Ramsey was married to the actress Anne Ramsey from 1952 until her death at age 59 in 1988. Much like her husband, Anne was a veteran character actor. Anne was most famous for her roles as Mama Fratelli in The Goonies and Mrs. Lift in Throw Momma from the Train, (which co-starred future Star Trek: Voyager lead Kate Mulgrew), earning an Oscar nomination for the latter. Her other credits included The Boy in the Plastic Bubble, Any Which Way You Can (with her husband), Deadly Friend, and Scrooged, which was released a few months after she died. She and Logan appeared together as an elderly, homeless couple in their Scrooged scenes.
Oddly enough, Anne’s other final projects, which were also released posthumously, in 1999, featured an array of familiar Star Trek talents. Meet the Hollowheads, a sci-fi film, was co-written by Lisa Morton, who worked as a model maker on Star Trek: The Motion Picture and one episode of Star Trek: The Next Generation. Co-stars included Logan Ramsey, as well as John Glover, who played Verad Dax in the Star Trek: Deep Space Nine episode “Invasive Procedures,” and Matt Shakman, a child actor turned director. Shakman was announced in 2021 as the director of the next Star Trek feature film, but later exited the project. Also in the movie was Lee Arenberg, who guest starred on The Next Generation, Deep Space Nine, Star Trek: Voyager, and Star Trek: Enterprise, and Barney Burman, an actor and makeup artist who worked (as a makeup artist) on Star Trek III: The Search for Spock, Star Trek VI: The Undiscovered Country, and Star Trek (2009), for which he shared an Oscar.
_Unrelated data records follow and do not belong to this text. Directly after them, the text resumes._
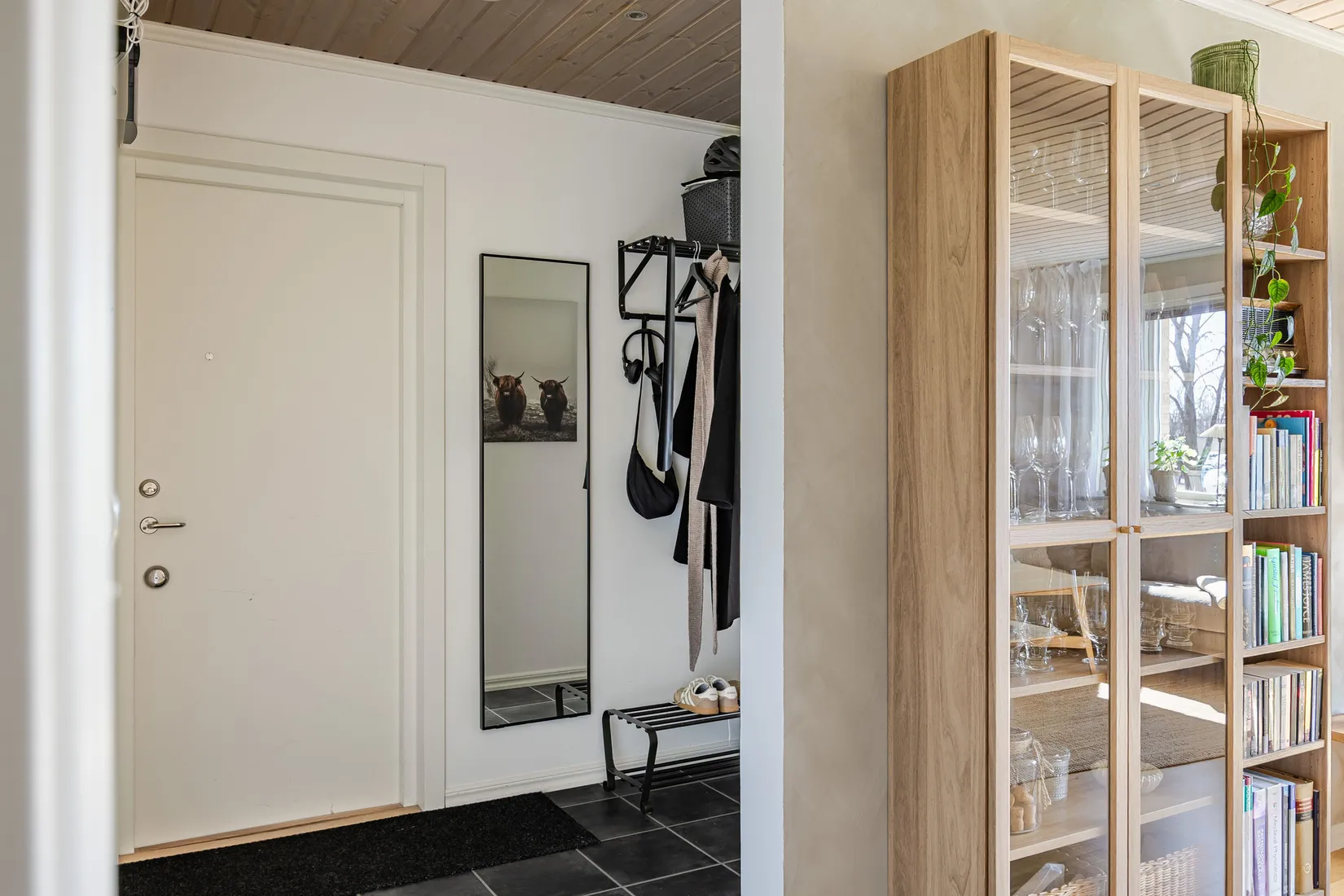 Bostadsrätt, Djurängsvägen 39C, Djurängen, Kalmar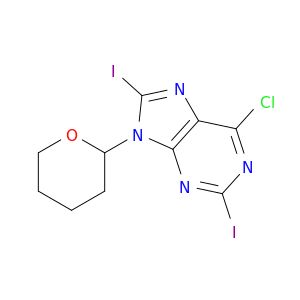 BA07131
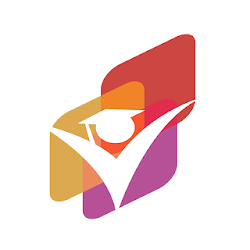 تطبيق PR Pattani 2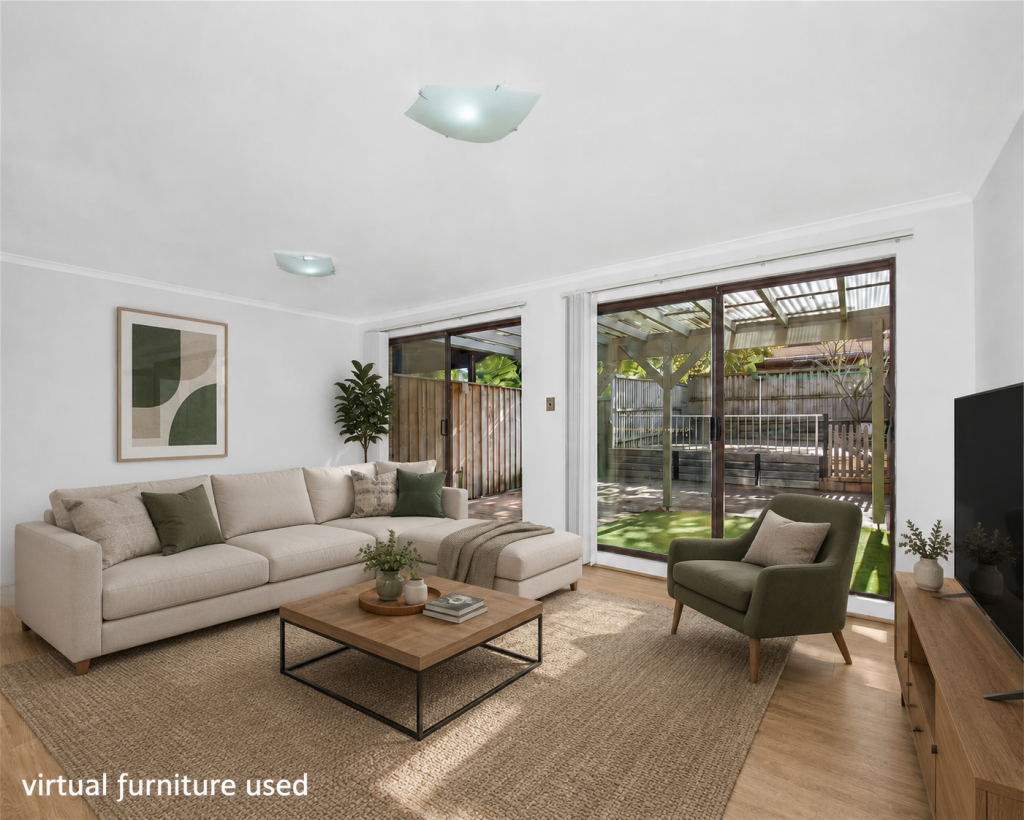 90/22-24 Wassell St, Matraville, NSW 2036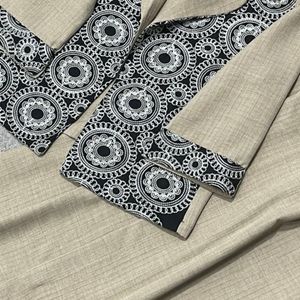 مشخصات کت دامن آنا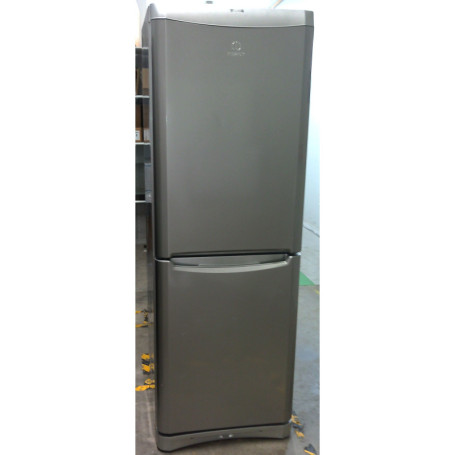 Réfrig. combiné INDESIT BAAN12FR
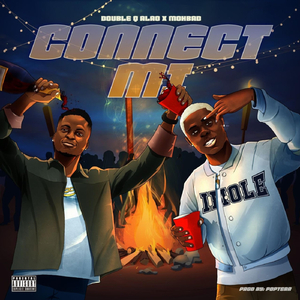 Connect Mi (feat. Mohbad)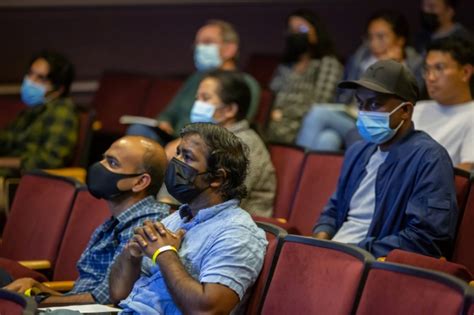 Seminars Beckman Center Stanford Medicine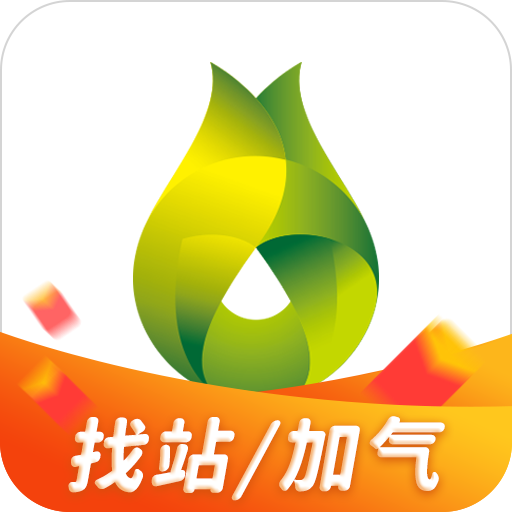 ˾������վapp�ٷ�������v8.0.1 ��׿��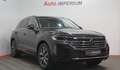 Volkswagen Touareg R Line 4Motion 3.0 TSI*ACC*STDHZ*PANO*IQ Brun - thumbnail 3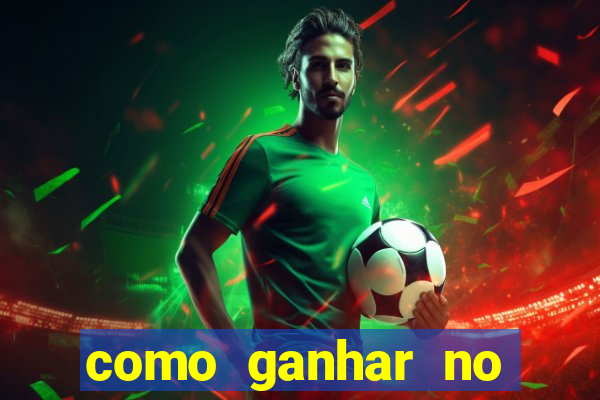 como ganhar no jogo fortune tiger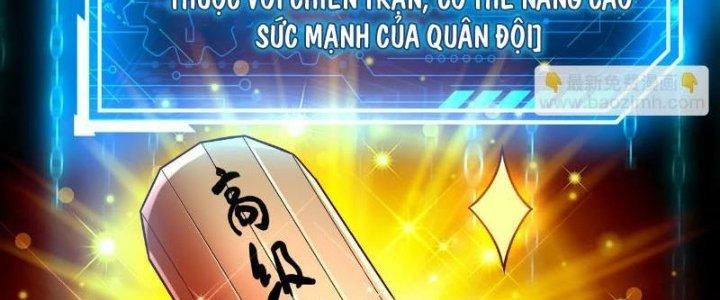 đại tần, ta là con tần thủy hoàng, giết địch thành thần chapter 9 8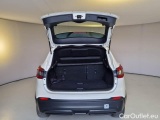  Nissan  Qashqai NISSAN  / 2017 / 5P / CROSSOVER 1.5 DCI 115 BUSINESS #5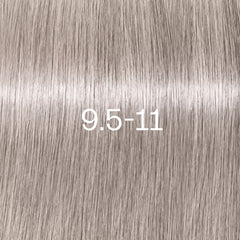Schwarzkopf Igora Vibrance 60ml 9.5-11 Cendre Extra Toner
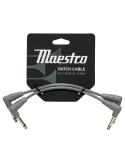 GIBSON ACCESSORIES CABP-GRY | MusicGoodDeal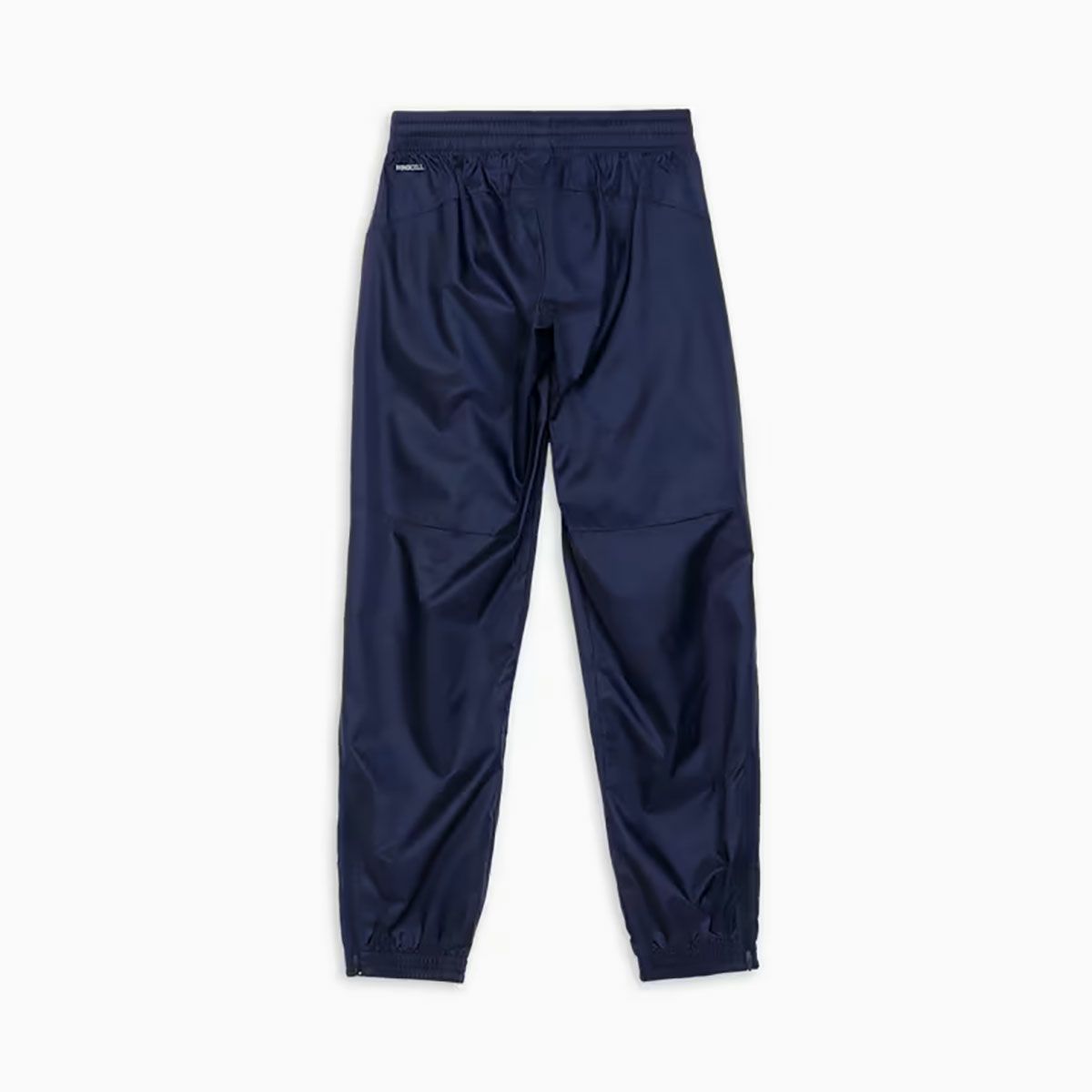 プーマPUMAジムフィットネスヨガウェアボトムスロングパンツ長ズボンチームファイナルピステパンツ659124-06メンズ男性25SP春夏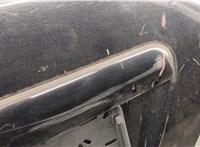  Накладка крышки багажника (двери) Volvo S40 / V40 1995-2004 11510557 #7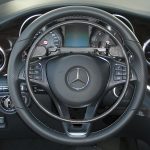 Electronic-Hand-Controls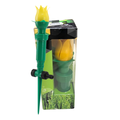Tulip Garden Sprinkler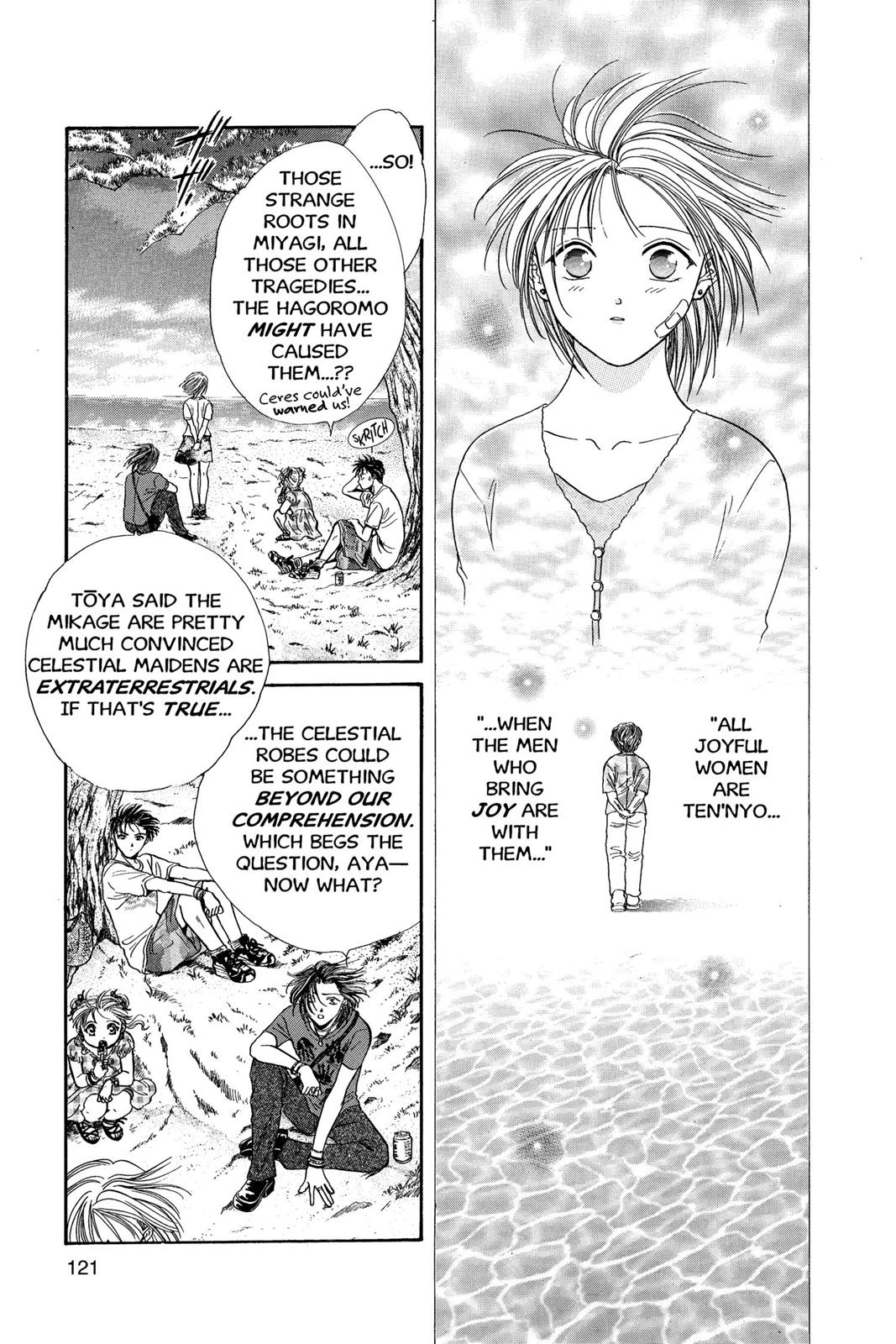 Page 122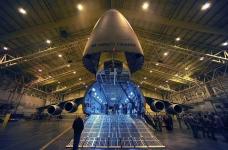 直航到CCU/BOM 覆盖印度全境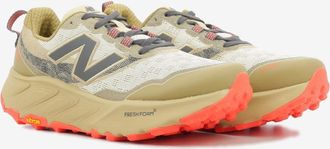 New Balance Hierro V9 linen / toasted sesame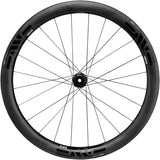 ENVE Composites SES 4.5 AR Wheelset 700 12 x 100/142mm CenterLock XDR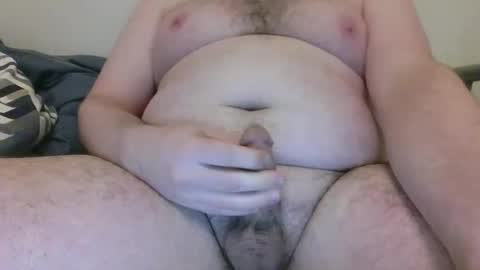 Snapshot of chubbyuk1995 chatting on 01/18/25, 08:40 chubbyuk1995 online show from 01/18/25, 08:40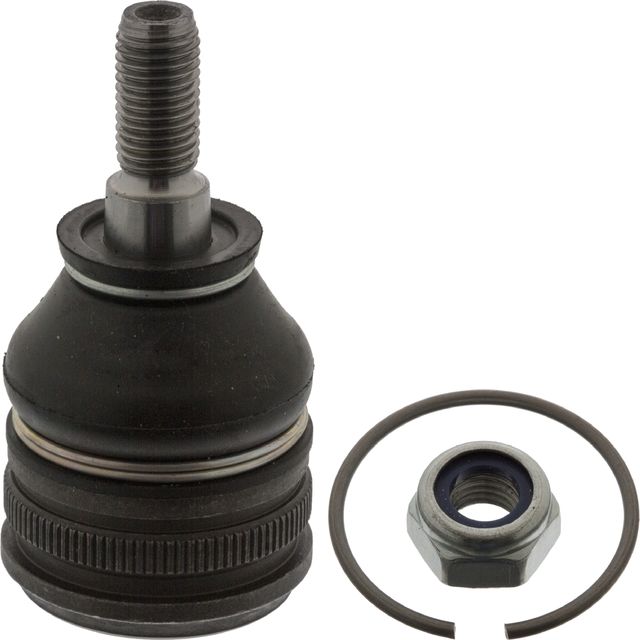 Шаровая опора Febi Bilstein передняя правая/левая для Fiat Uno I 1984-1996. Артикул 15885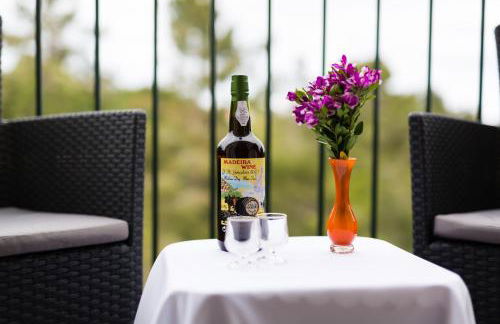 Casa Nunes - Foto 47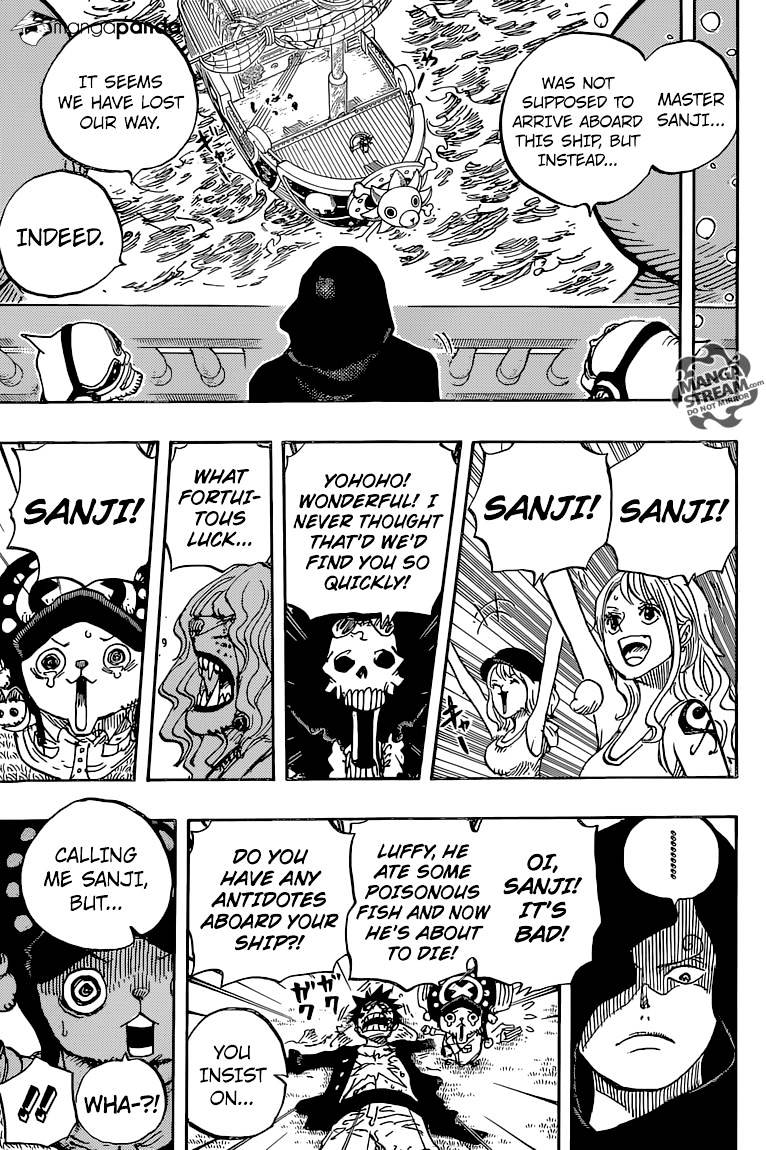Page 5 of Chapter 826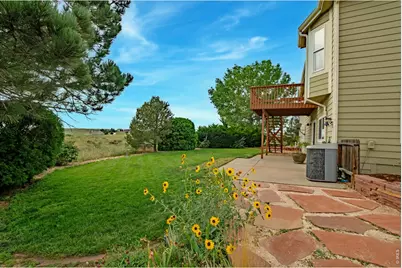 16491 Essex Rd S, Platteville, CO 80651 - Photo 10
Then there’s Another Chance, a thriller that starred Bruce Greenwood, who played Christopher Pike in both Star Trek (2009) and Star Trek Into Darkness., Lastly, the comedy Homer and Eddie starred Star Trek’s Guinan, Whoopi Goldberg, and also featured Tracey Walter, who played two different Ferengi on The Next Generation, and Vincent Schiavelli, who guest starred as The Peddler in the Next Generation episode “The Arsenal of Freedom.”
If that’s not enough Six Degrees of Separation for you, check out Logan Ramsey’s IMDB credits. He intersected with a whole other galaxy of Star Trek figures, from Jeri Taylor, John Larroquette, Dwight Schultz, James Sloyan, Brock Peters, Paul Winfield, and Cliff Bole, to Leo Penn, Louise Sorel, Roger C. Carmel, Leonard Nimoy, Lee Meriwether, Marc Daniels, and Marsha Hunt, among many others.